Knowing your appliances
Our electricity usage, hence our bills, depends on both the appliances we use and how we use them.
Appliances can be divided into those that create heat like a stove or iron, which tend to use a lot of energy, and those that are mechanical, like a fan.
But even a large computer will create heat, so it isn’t simple.
If you are selecting a new appliance, it is important to compare models for efficiency, as well as appearance and durability.
Each electrical appliance has a star rating, which, for example, compares one model of an iron with another.
The energy usage, in watts, is written on the back. The usage on electricity bills are in kilowatts per hour (kWh) or 1000 watts per hour.

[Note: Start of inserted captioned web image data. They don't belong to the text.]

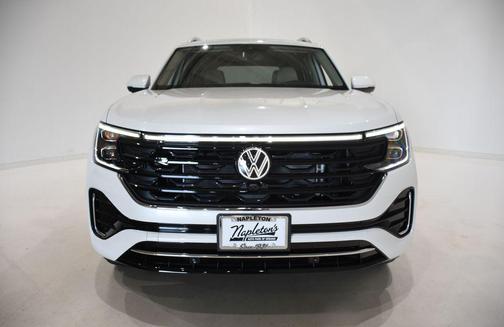 2025 Volkswagen Atlas 2.0T SEL Premium R-Line 4MOTION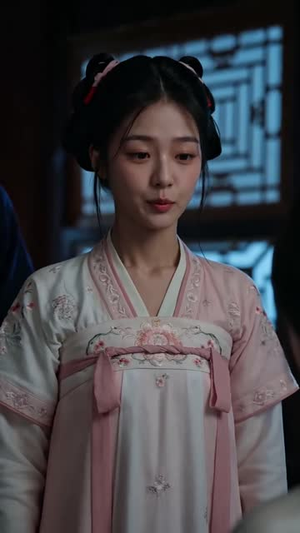 红鸾御九州（93集）精彩连连免费看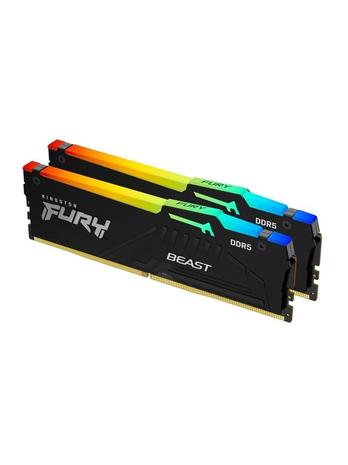Kingston FURY Beast RGB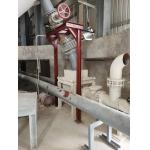 Dilute Phase Pneumatic Conveying Jet Pump Without Dust Pollution for sale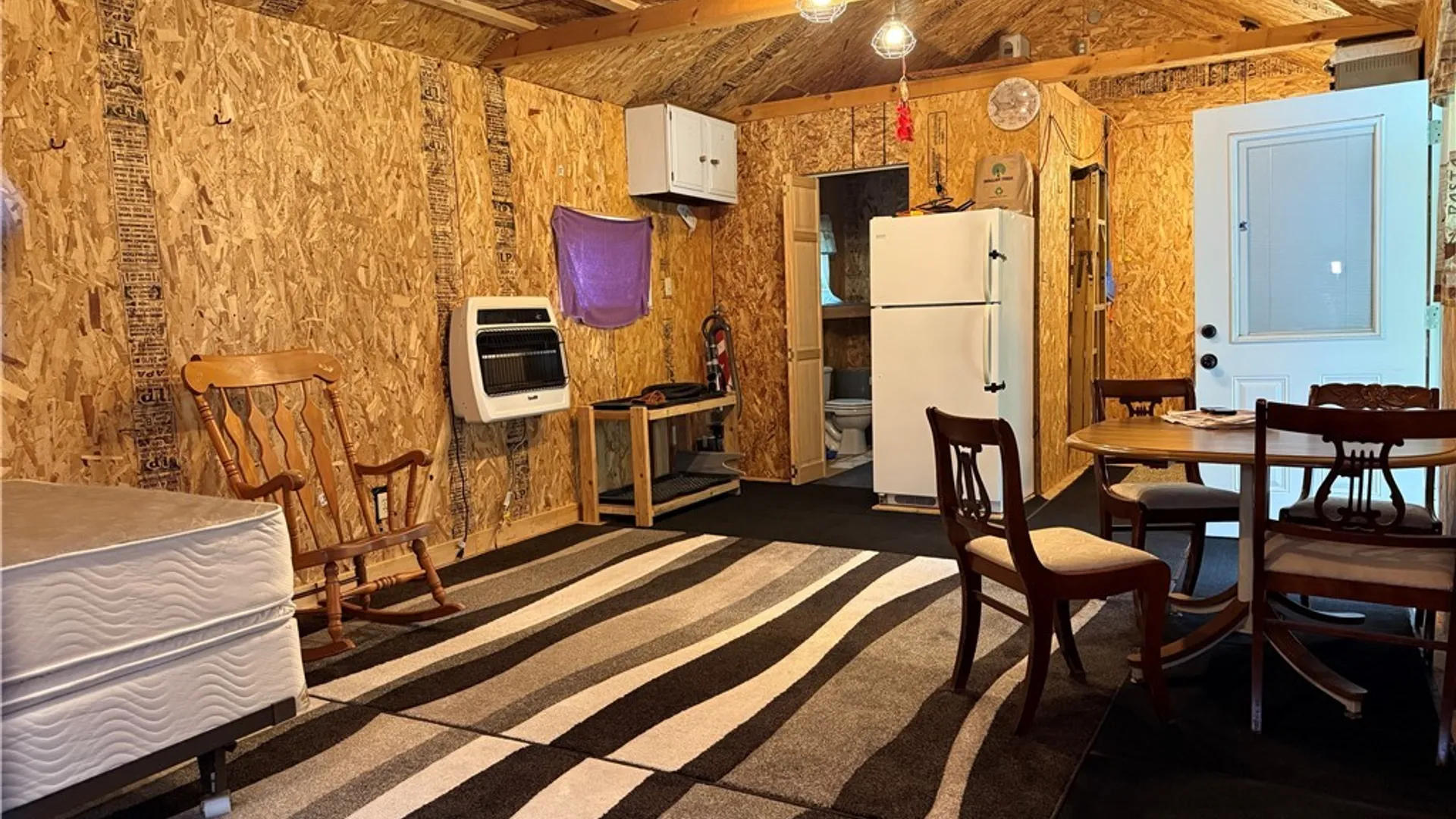 Property at Habgood Road, New Hudson, NY 14714 14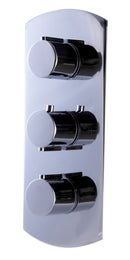 ALFI brand AB3901 Shower Mixer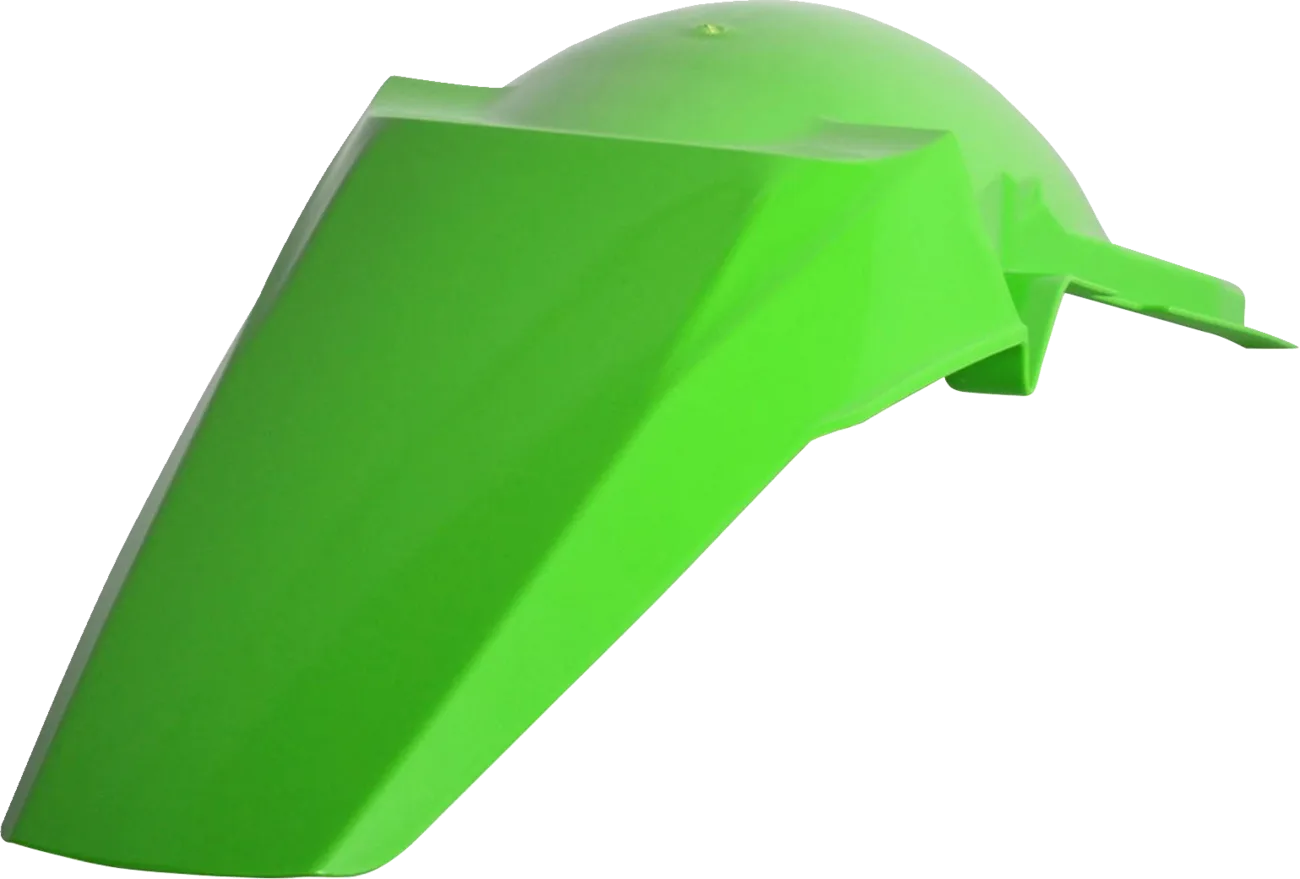 Rear Fender For Kawasaki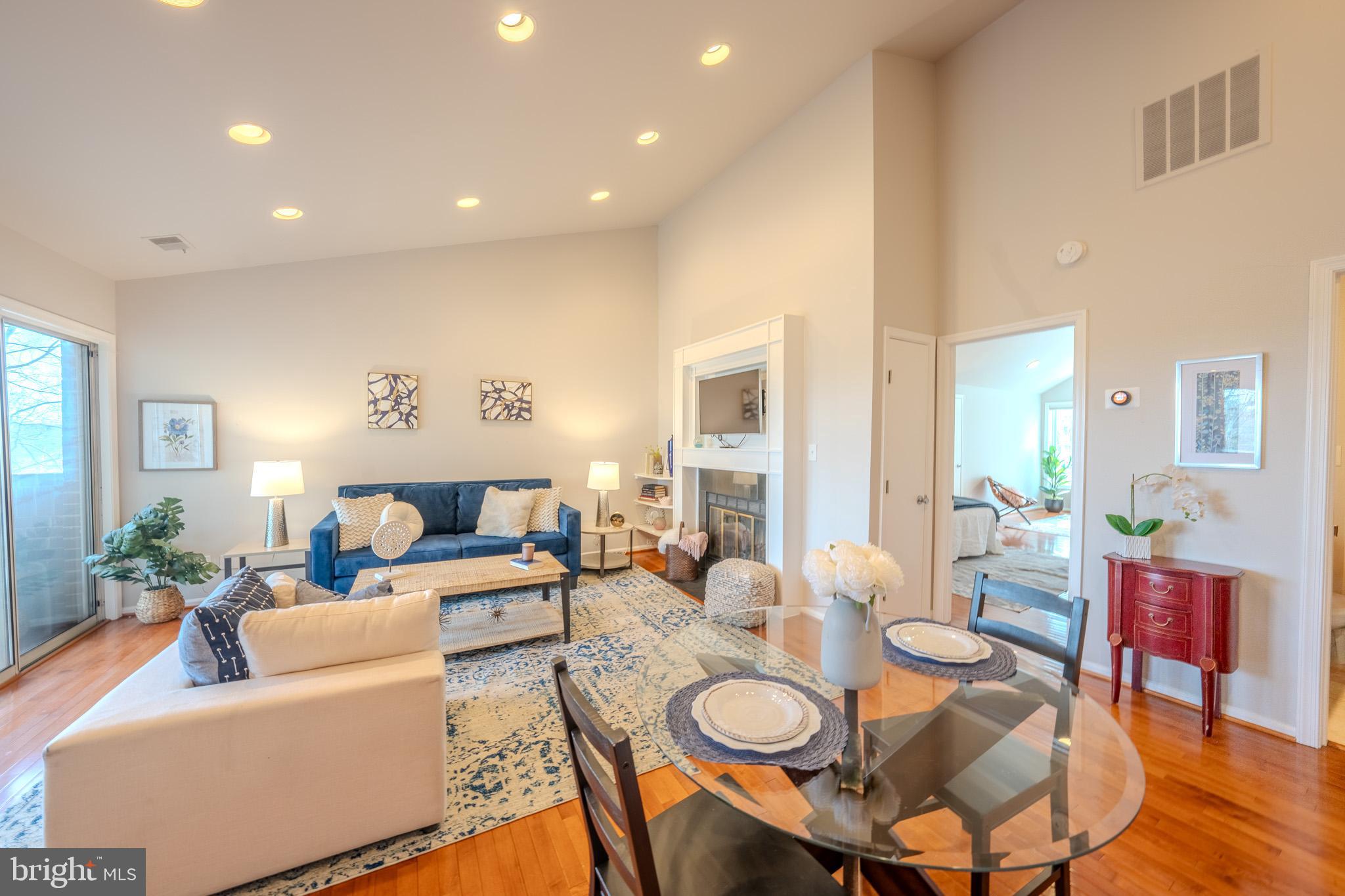 NANTUCKET AT RESTON - Residential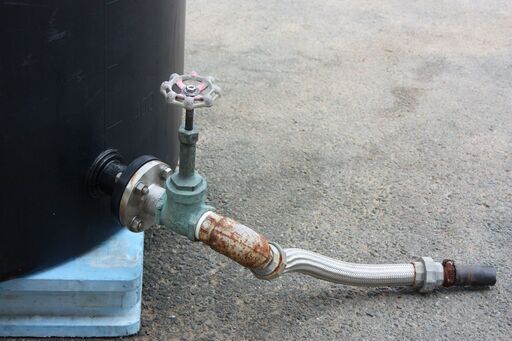 SOLD OUT】スイコー 水タンク I系 中間槽 2000L【農機具でっく】【福岡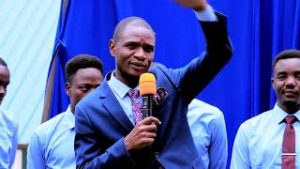 AUDIO Heaven Partakers - Nisipungukiwe MP3 DOWNLOAD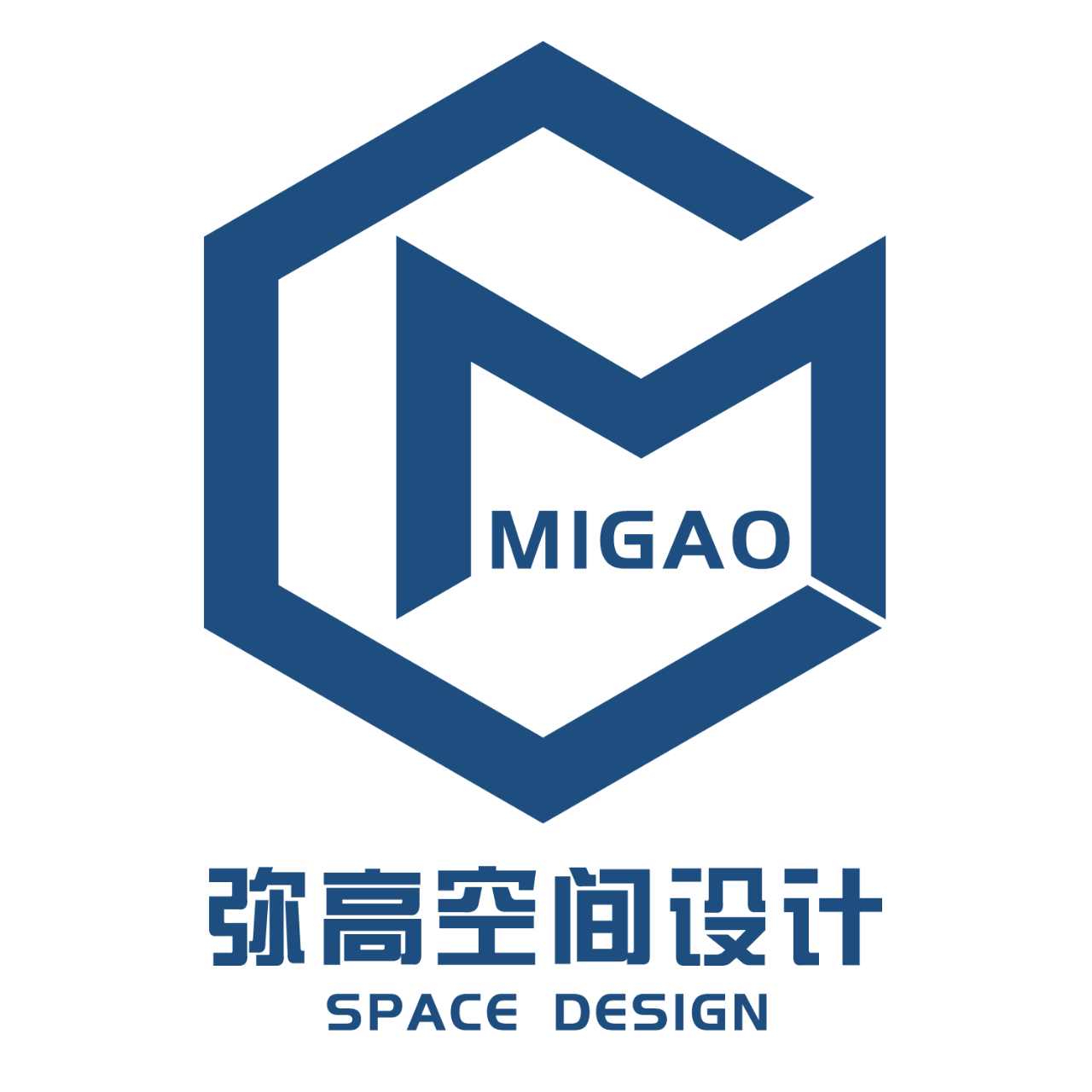 弥高空间设计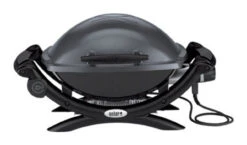 Weber Q1400 Electric Grill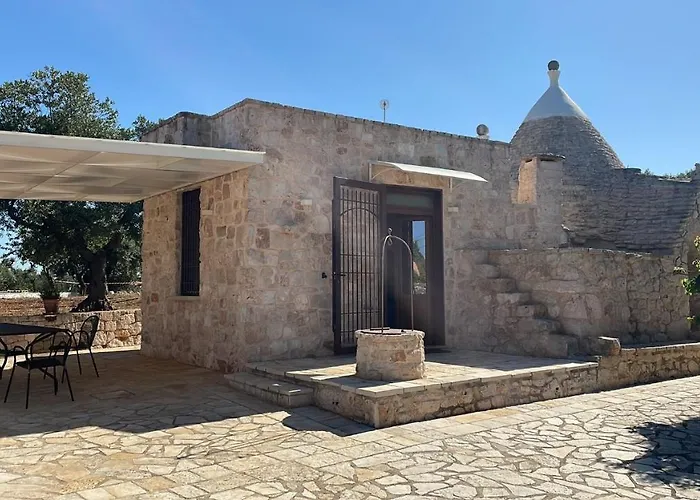 Casa de Campo Dimore Storiche - Ulivo Di Aldo *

Most of your appliances list usage on the back.
Another way to check is to borrow an energy testing kit from the library.
It can be a great family project to guess about what each appliance will use and then test it by plugging in the meter between the wall socket and the appliance.
Turning all appliances off at the wall that have a standby light, like a TV, can save up to 10 per cent of the electricity used in some households.
Knowing your bill
Your electricity bill has two charges, one for usage in kWh, the second a daily charge to cover the retailers’ costs. Usage comprises the accumulated use of all your appliances per month.
An oven, for example, uses about 2.4 kilowatts per hour or about $0.75. If we use it three times a week, that amounts to about $9 per month.
And that’s just the oven. A stove uses more, a clothes drier about the same, a clothes washer about half as much.
It all mounts up in your bill.
What to do about it
We have some choices.
If we need to replace an appliance, choosing the most efficient one will have cumulative benefit over its lifetime.
This may mean changing the type of appliance, for example, switching to an induction stove from a regular electric stove saves about 30 per cent on your cooking costs.
We can make tiny changes, like only putting as much water in a kettle as we want. Boiling one cup of water uses about 60 per cent less energy than a full kettle.
Turning all appliances off at the wall that have a standby light, like a television, can save up to10 per cent of the electricity used in some households.
Opening your curtains while the sun is shining in winter and closing them when it begins to get dark can save on heating bills, as can short showers if you have a gas or electric hot water heater.
If we each make choices that help lower our bills, our national energy use will decrease.